WHAT IS REQUIRED
Please restate word for word the lines from the top of the entries through the line that contains "Super 8 By Wyndham", and do not include any pictures.

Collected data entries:
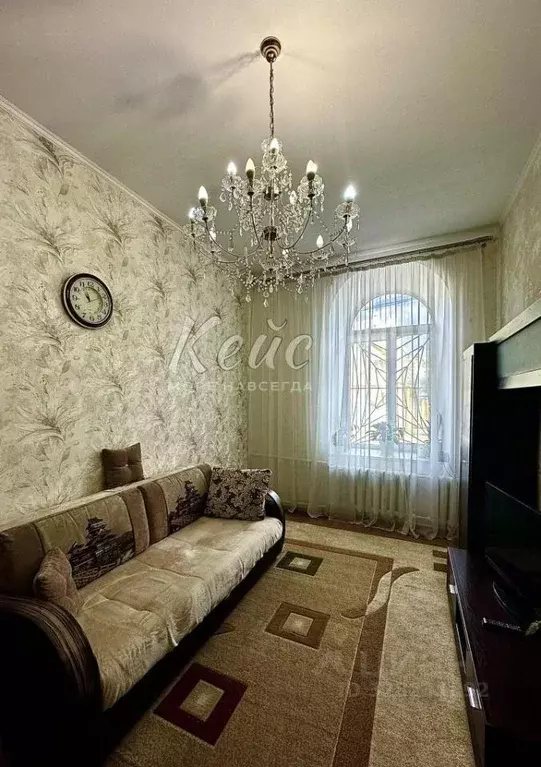 1-к кв. Крым, Феодосия ул. Красноармейская, 8 (30.4 м) - Фото 1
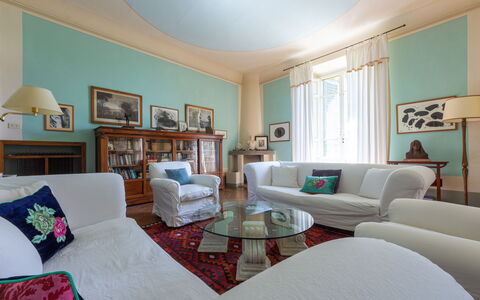 Castello Di Quarate: Meubles, Cadre, Bleu Azur, Canapé, Salon, Table, Design Intérieur, Sol, Lampe, Confort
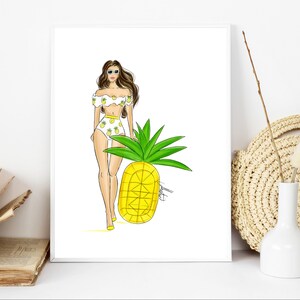 Könnte beinhalten: Gerahmte Illustration einer Frau in einem Bikini mit Ananas-Print und Sonnenbrille, neben einer großen gelben Ananas. Das Kunstwerk hat einen Modeillustrationsstil mit hellen Farben und einem sommerlichen Thema.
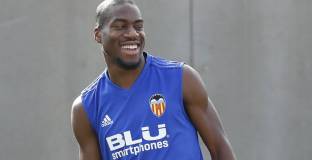 Кондогбиа повече няма да играе през този сезон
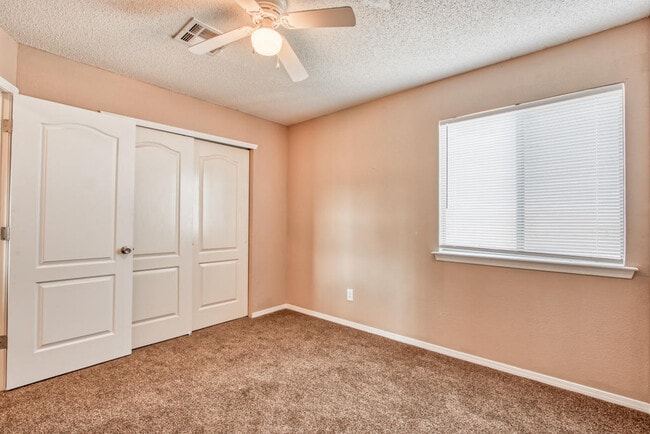 Building Photo - 11717 Lapstone Way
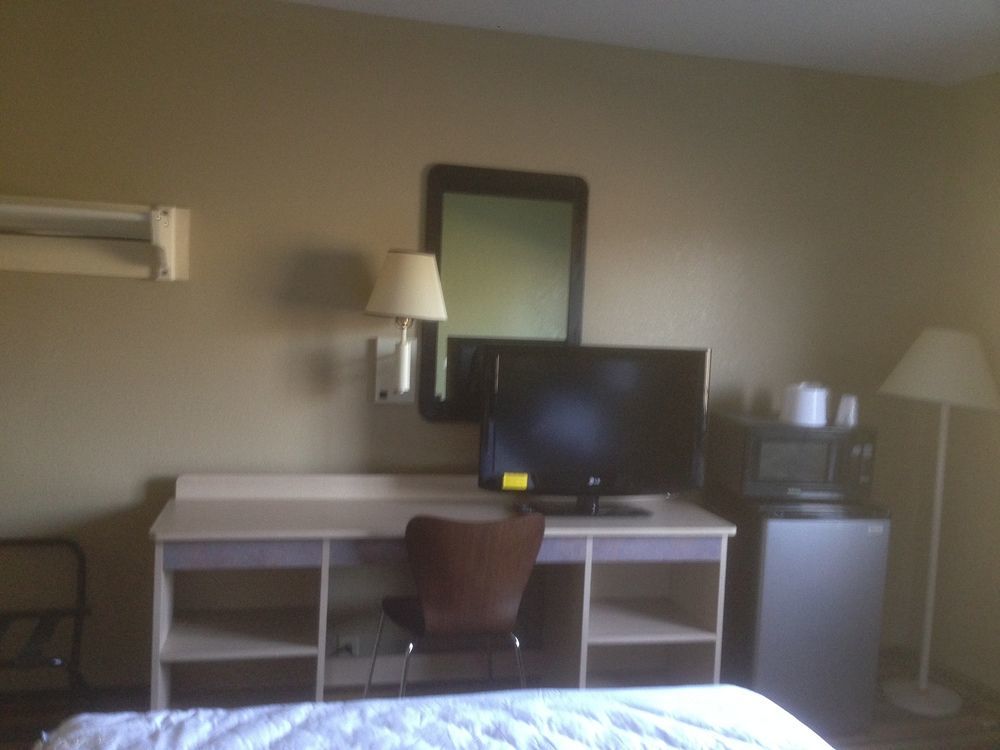 Super 8 By Wyndham Vicksburg Motel Bagian luar foto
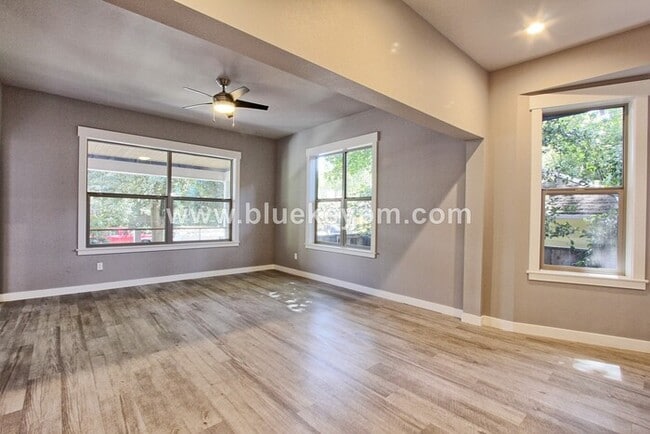Photo - 2 Bed, 2 Bath Unit in Laurelhurst in Beautiful Tri Plex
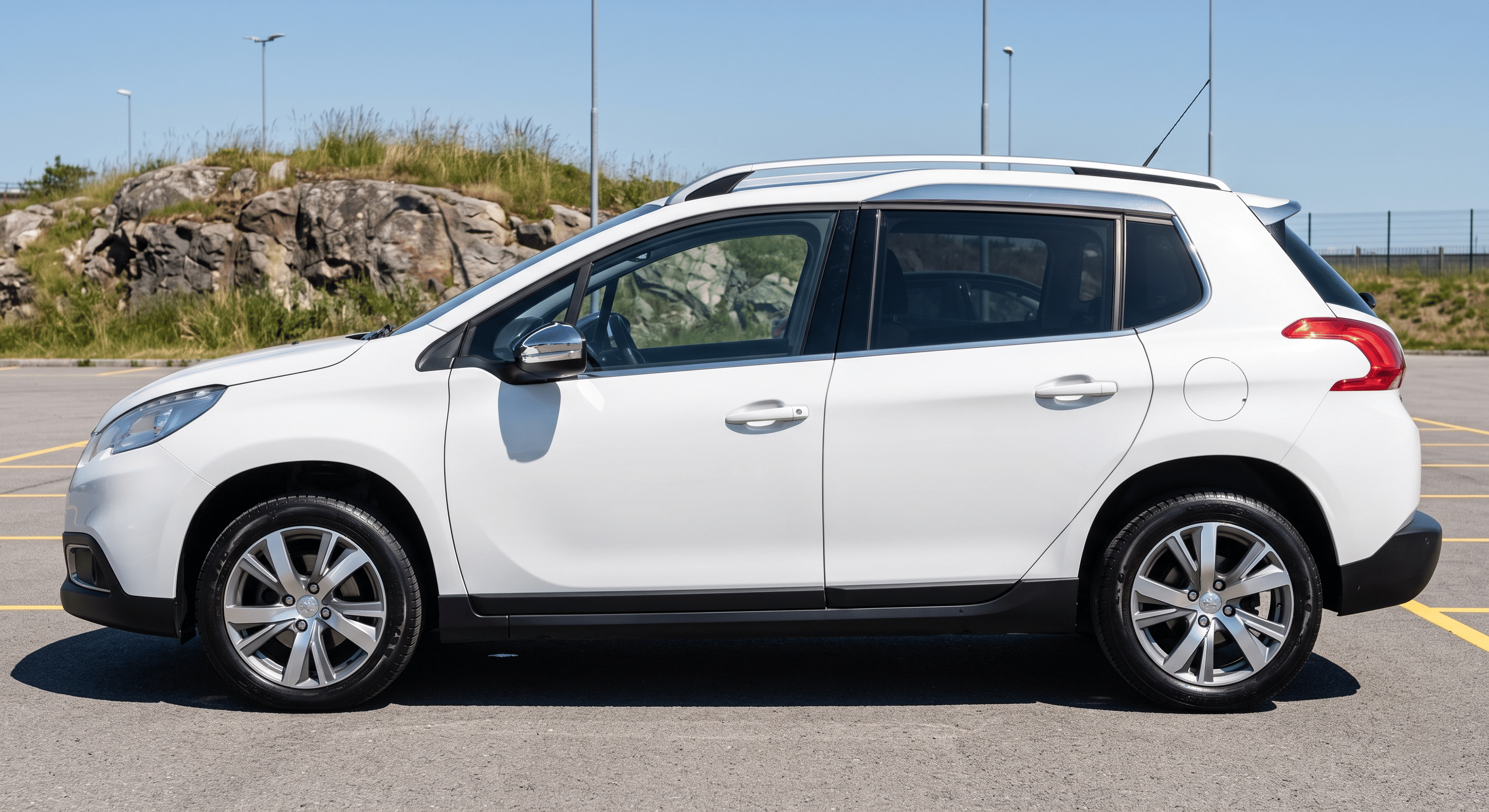 Peugeot 2008, 2017, Essence 95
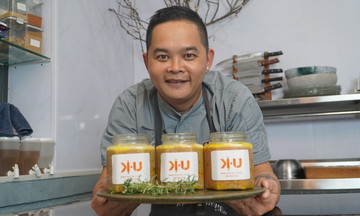 Chef shares secret to making French-style pate in one hour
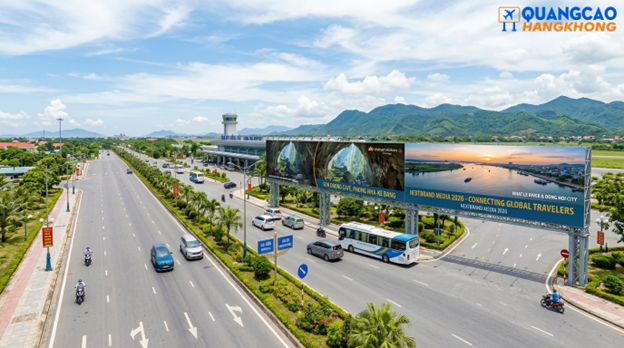 Pano quảng cáo tại sân bay Đồng Hới khu vực tuyến đường dẫn vào sân bay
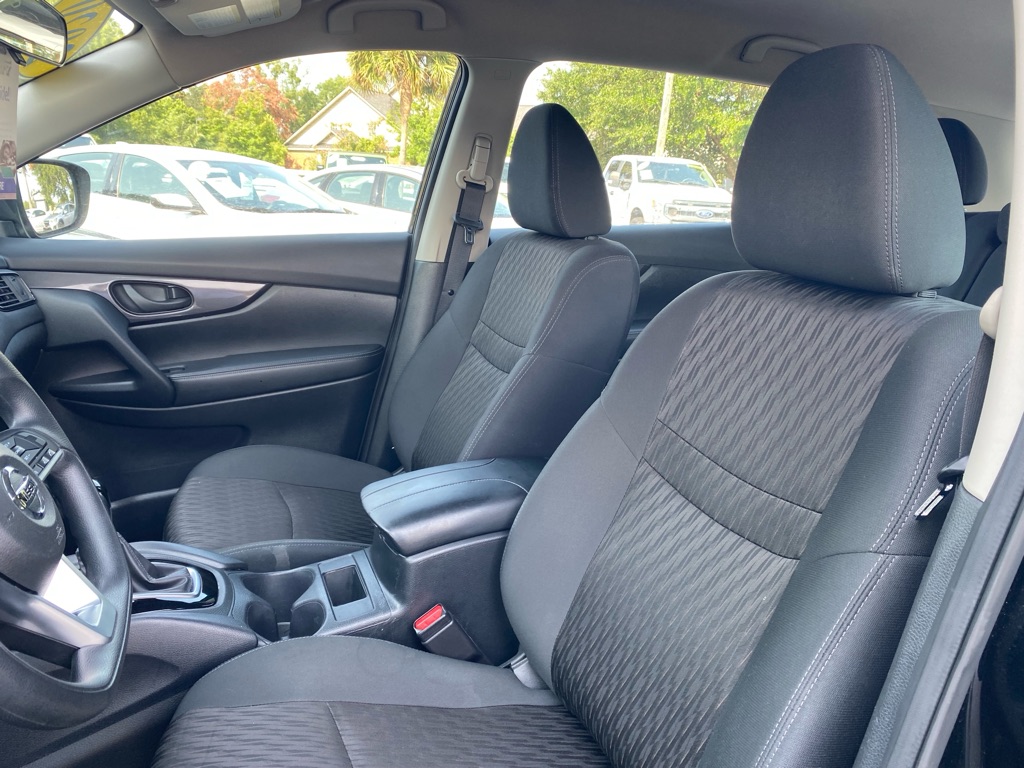 Photo 27 of this NISSAN ROGUE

OUTPUT OF THE EXERCISE
 1-к кв. Крым, Феодосия ул. Красноармейская, 8 (30.4 м) - Фото 1
 Castello Di Quarate: Meubles, Cadre, Bleu Azur, Canapé, Salon, Table, Design Intérieur, Sol, Lampe, Confort
 Könnte beinhalten: Gerahmte Illustration einer Frau in einem Bikini mit Ananas-Print und Sonnenbrille, neben einer großen gelben Ananas. Das Kunstwerk hat einen Modeillustrationsstil mit hellen Farben und einem sommerlichen Thema.
 Кондогбиа повече няма да играе през този сезон
 Building Photo - 11717 Lapstone Way
 Super 8 By Wyndham Vicksburg Motel Bagian luar foto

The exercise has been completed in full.